Finie l’embellie observée en 2021 et 2022. La valeur ajoutée dégagée par chaque actif agricole reculerait de 9 % en valeur réelle en 2023, selon l’Insee. À l’origine de cette évolution le retournement des prix dans les productions végétales, la baisse des volumes en productions animales et la poursuite de la hausse des charges.
Après l’embellie des deux années précédentes, le résultat de la branche agricole a chuté en 2023 d’après les estimations du compte prévisionnel de l’agriculture publiées le 20 décembre par l’Insee. En prenant en compte les subventions d’exploitation, la valeur ajoutée brute par actif baisserait de 9 % en 2023, après avoir augmenté de 13,1 % en 2021, puis de. 9,6 % en 2022. Contrairement aux deux années précédentes, la valeur de la production agricole se replierait de 0,8 % dans un contexte mondial de retombée des prix des céréales et des matières premières qui avaient fortement progressé en 2021 et 2022. Certes les récoltes des productions végétales progresseraient de 6, 1 % en volume en raison de conditions météorologiques plus favorables, selon l’Insee.

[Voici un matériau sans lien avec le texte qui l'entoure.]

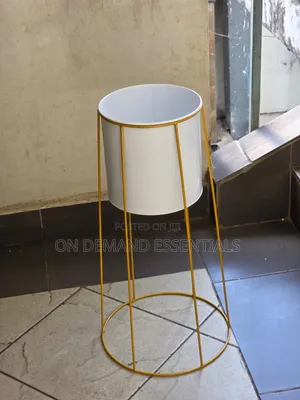 Modern Iron Art Flower Pot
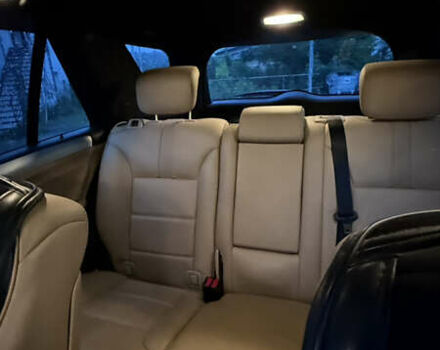 Чорний Мерседес М-Клас, об'ємом двигуна 3 л та пробігом 256 тис. км за 15200 $, фото 19 на Automoto.ua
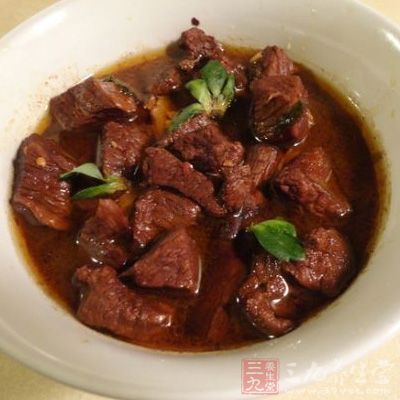 红烧牛肉的做法 美味红烧牛肉助您有好心情(2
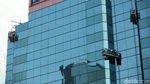 Jangan Ditiru! Pekerja Ini Bekerja Tanpa Alat Pelindung Diri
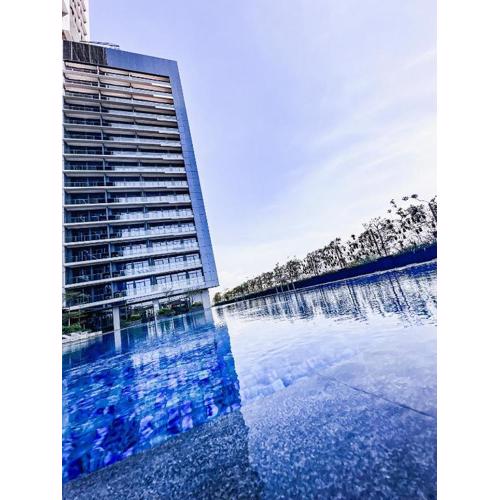 Cozy Vertu Ciputra World Studio Apartment in Surabaya by Le Ciel Hospitality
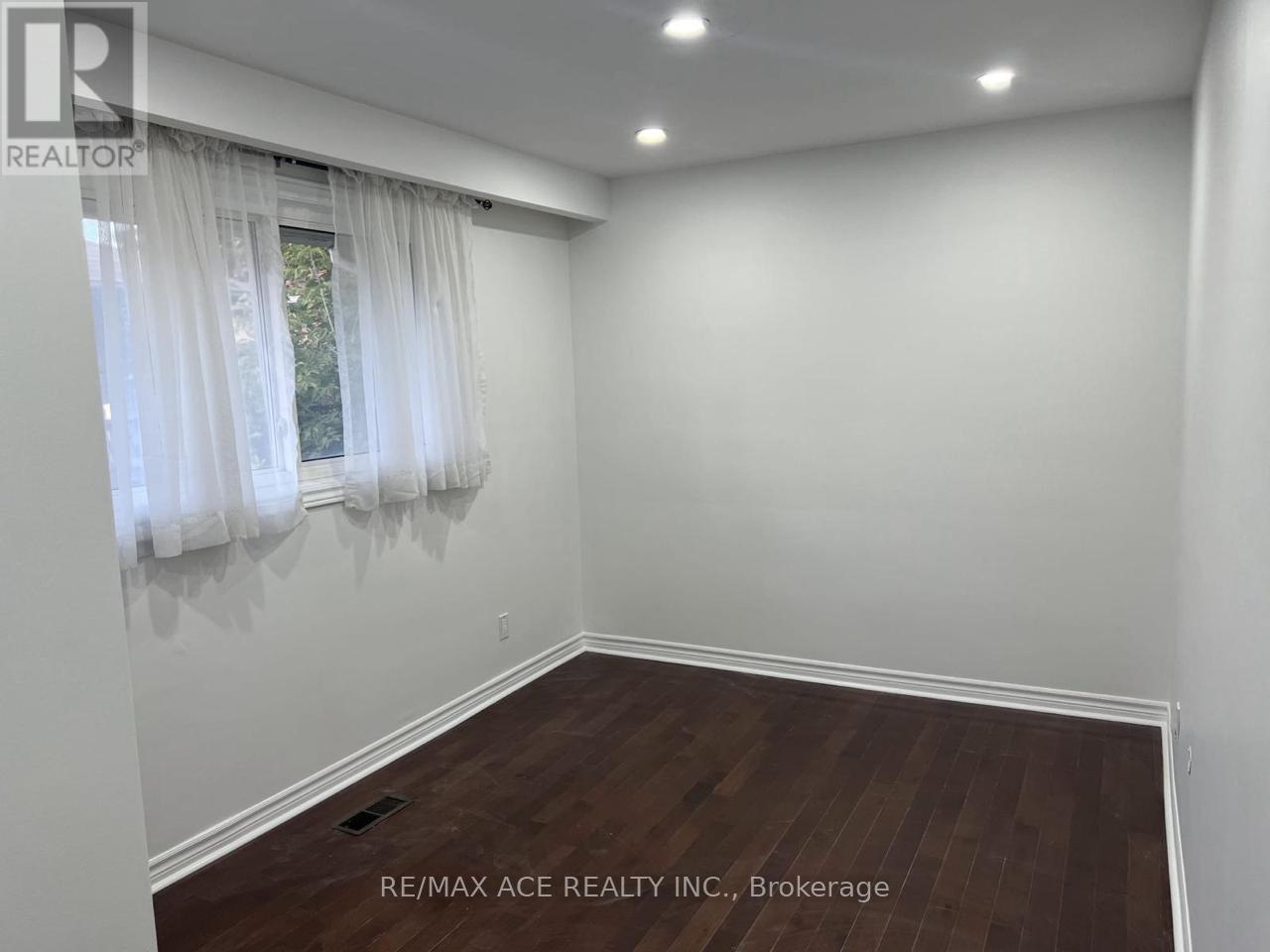 365 Bellamy Road N, Toronto (Woburn), Ontario  M1H 1G1 - Photo 24 - E12914442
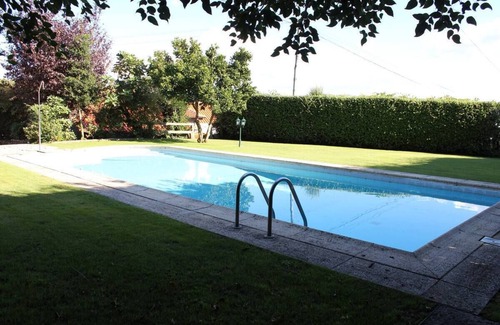 Santo Tirso Cottage | Discover House of the Three Boys with Ocean View & Spa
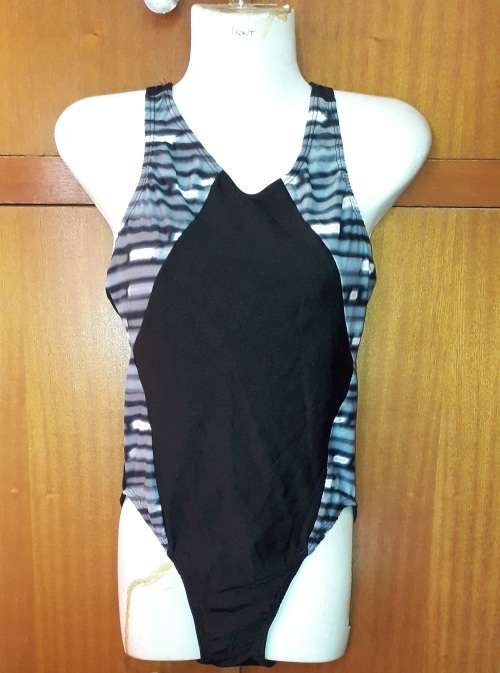LADIES - BLACK MULTI COLORED COSTUME - MAKE - NO MAKE - SIZE - 38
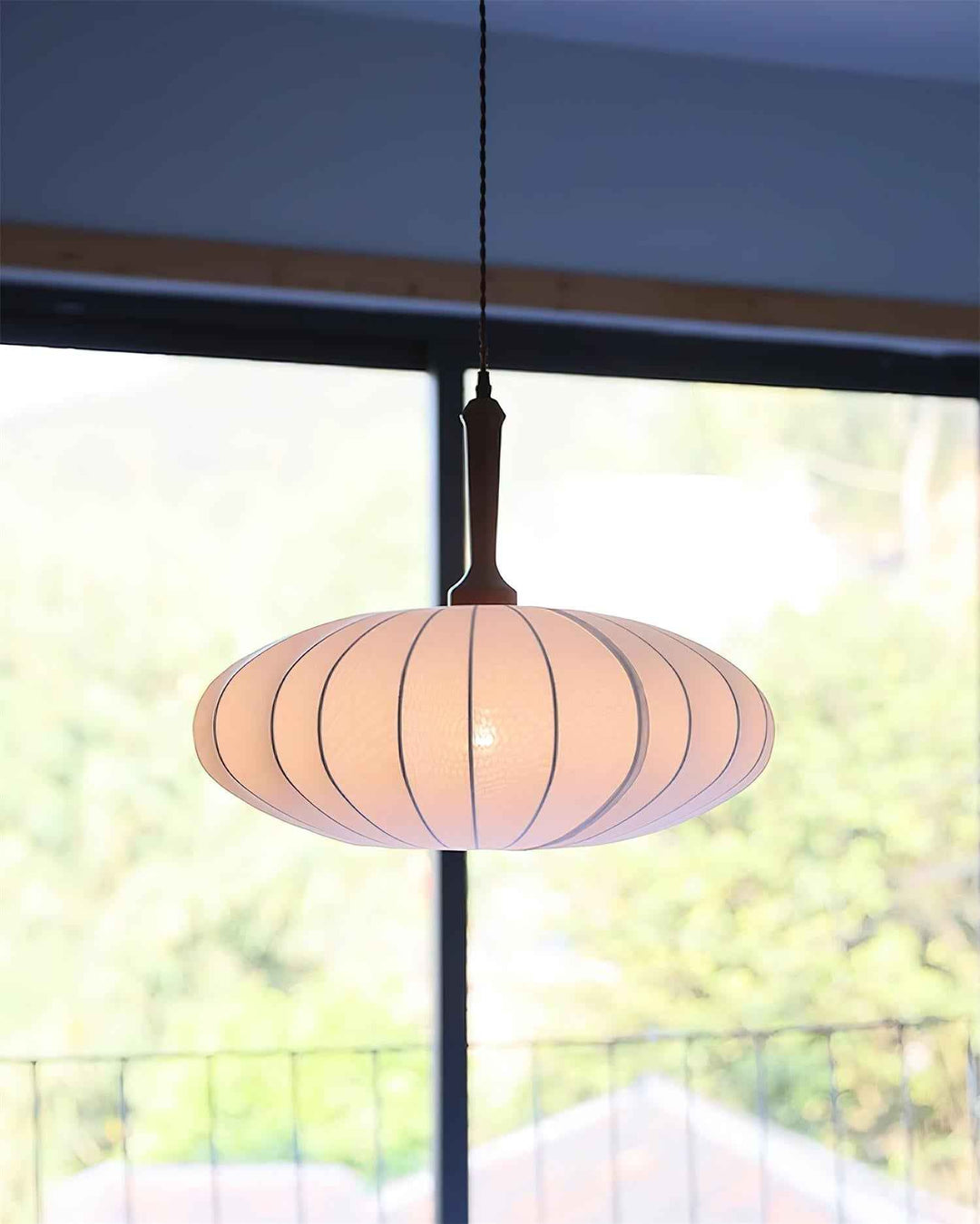 Lampe ra en Bois – Design Contemporain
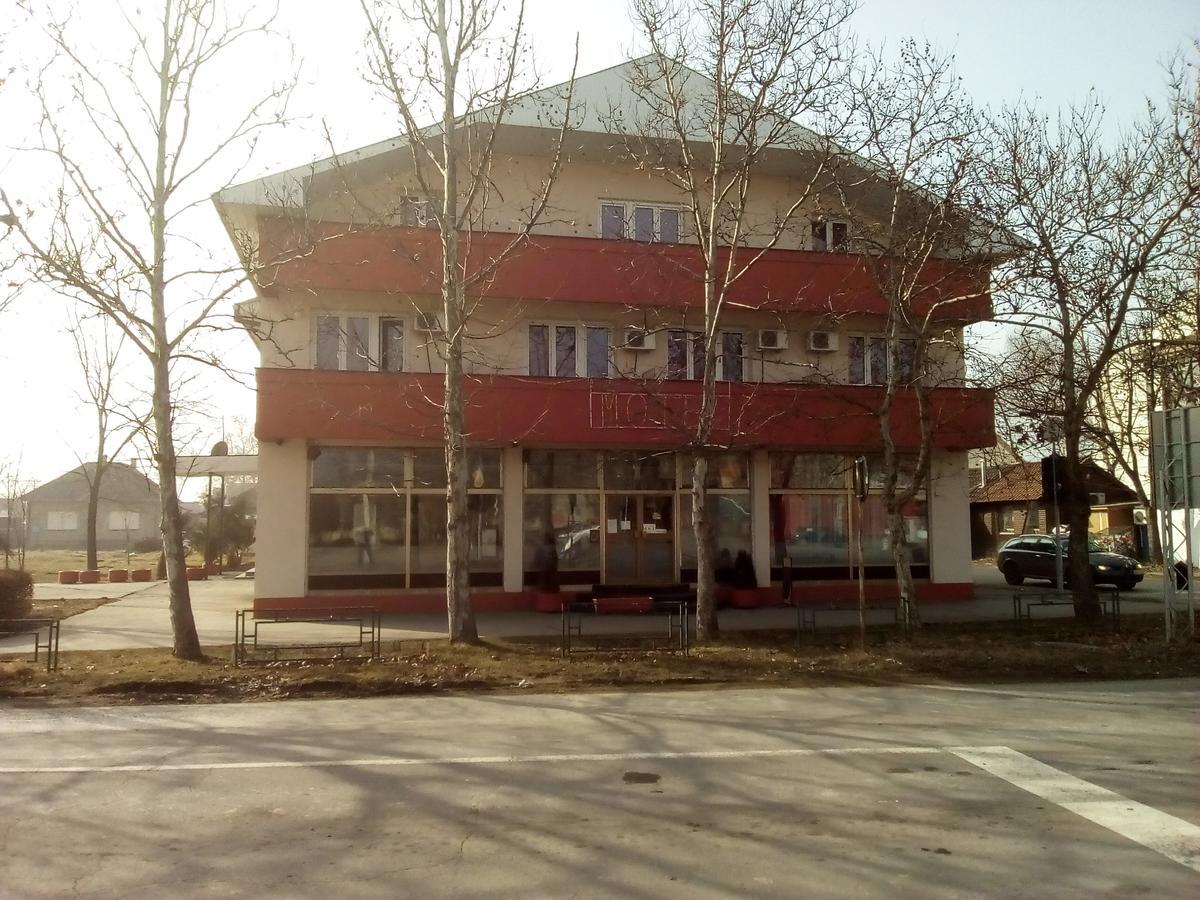 Готель Restoran Sa Prenocistem Zitiste Екстер'єр фото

Celles de céréales et d’oléagineux-protéagineux seraient respectivement en hausse de 5,8 % (à l’exception du blé dur) et de 4,2 %. Idem pour les productions de légumes et pommes de terre en hausse de 6,2 %, alors que la production fruitière serait quasi stable (+ 0,2 %). La production viticole dépasserait de 3,3 % en volume son niveau de 2022 qui était déjà le plus élevé depuis 2018, tirée par les appellations d’origine protégée et celle de champagne (+ 12,8 %). En revanche, les prix n’ont pas été au rendez-vous. Ils diminueraient de 10,1 % pour l’ensemble des productions végétales. Particulièrement concernés, les prix des céréales (- 28,4 %) et les oléagineux-protéagineux (- 24,8 %). Également en léger repli, ceux des vins (- 1,1 %), alors que les prix des légumes et des fruits font exception : ils s’accroîtraient respectivement de 7,1 et 7,5 % stimulés par les pommes et les poires.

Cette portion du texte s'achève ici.